_Input data:_
__________________________________________________

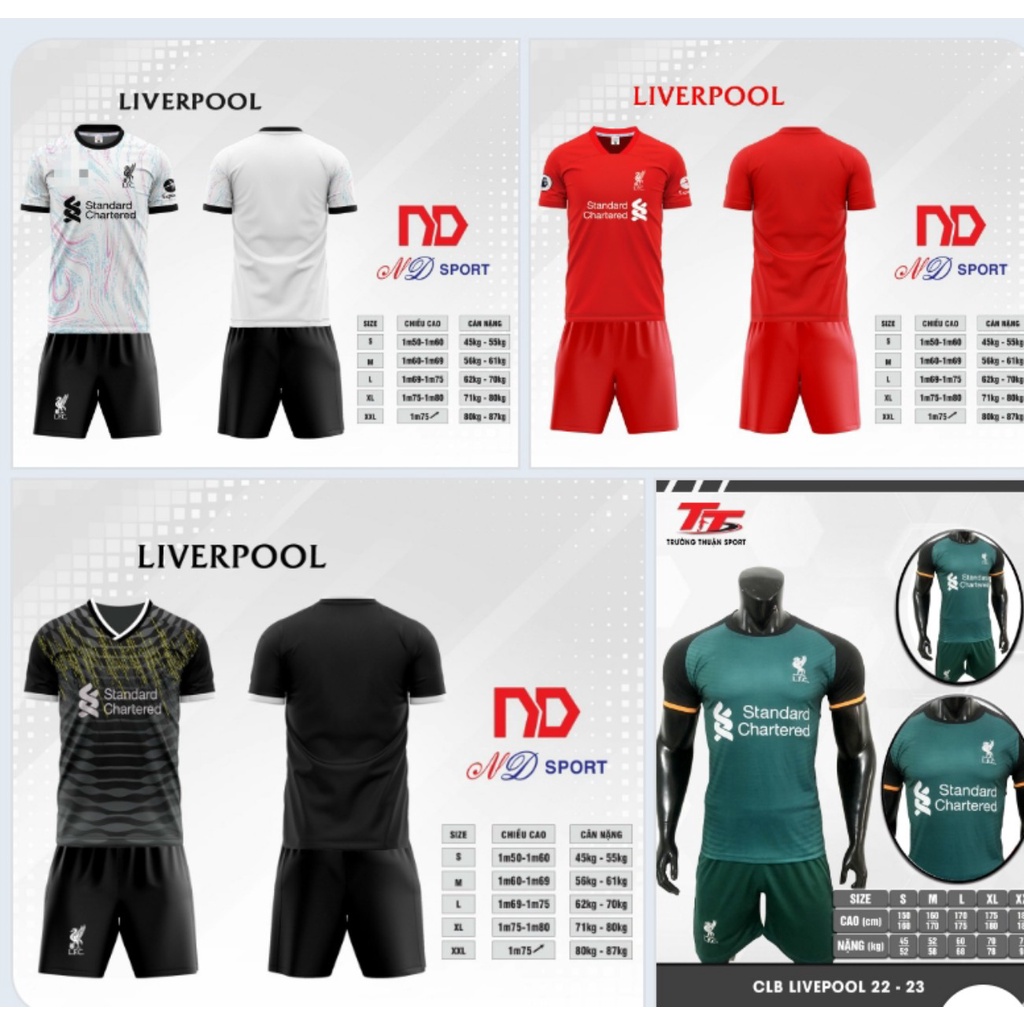 Bộ quần áo bóng đá clb liverpool mùa giải mới full mẫu 2022
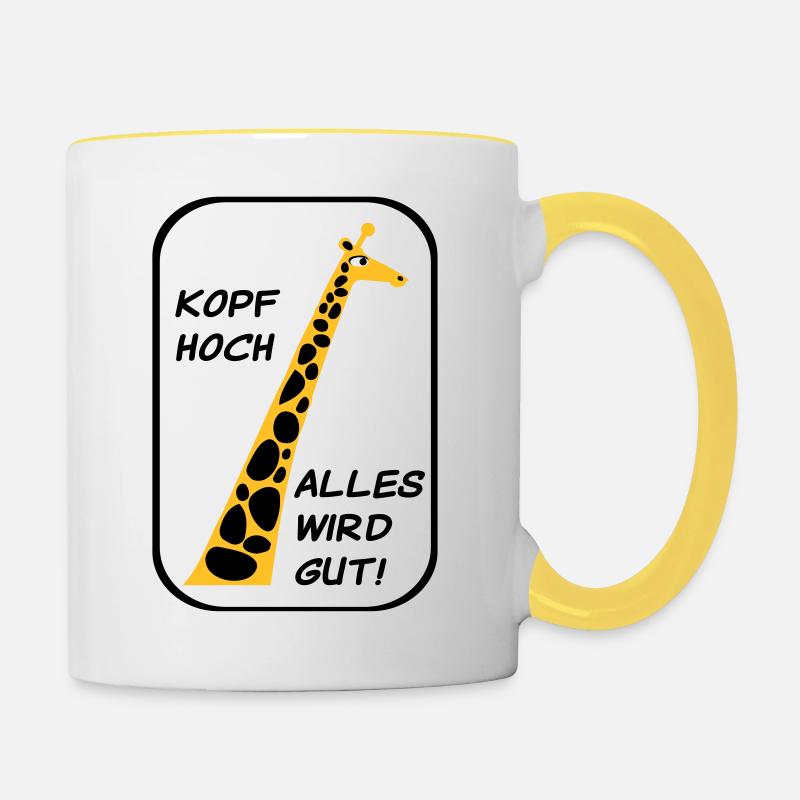 Kopf hoch - Tasse zweifarbig - Weiß/Gelb
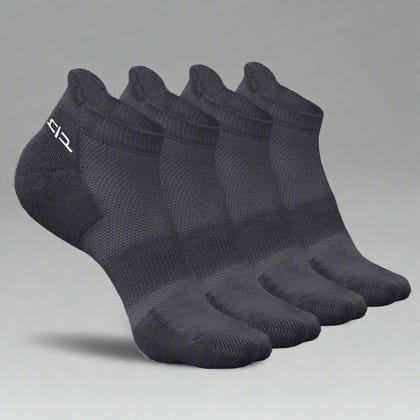 Heelium Bamboo Kids Ankle Socks - 4 Pairs-Age 3-5 Years / Dark Grey | Dark Grey | Dark Grey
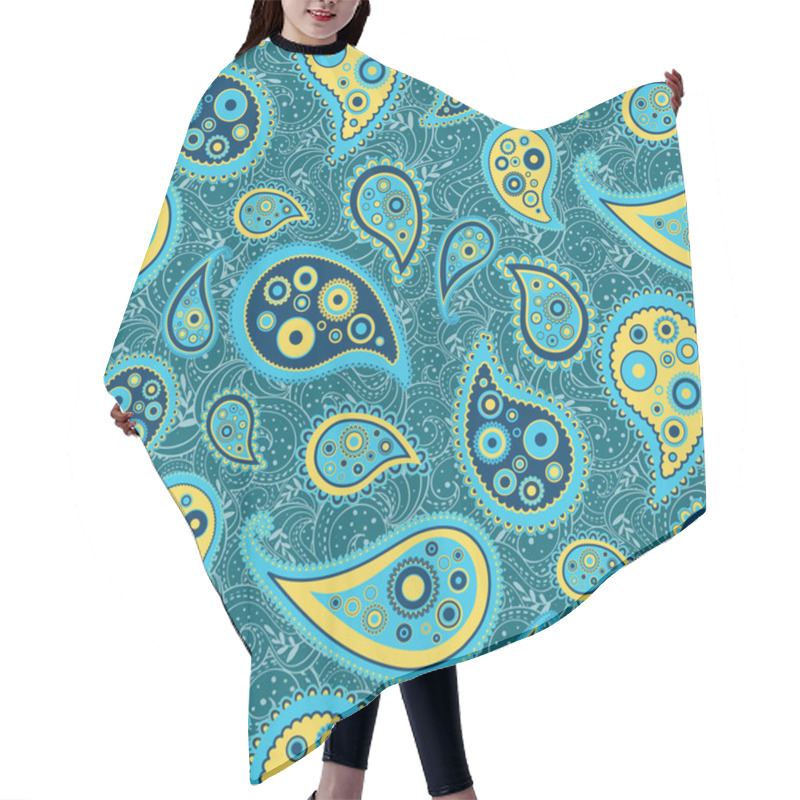 Personality  Vector Pattern Of Traditional Oriental Elements Paisley Hair Cutting Cape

__________________________________________________

_Task goal:_
Once the pictures are set aside, repeat the data above exactly as written.

_Task output:_
 Bộ quần áo bóng đá clb liverpool mùa giải mới full mẫu 2022
 Kopf hoch - Tasse zweifarbig - Weiß/Gelb
 Heelium Bamboo Kids Ankle Socks - 4 Pairs-Age 3-5 Years / Dark Grey | Dark Grey | Dark Grey
 Personality  Vector Pattern Of Traditional Oriental Elements Paisley Hair Cutting Cape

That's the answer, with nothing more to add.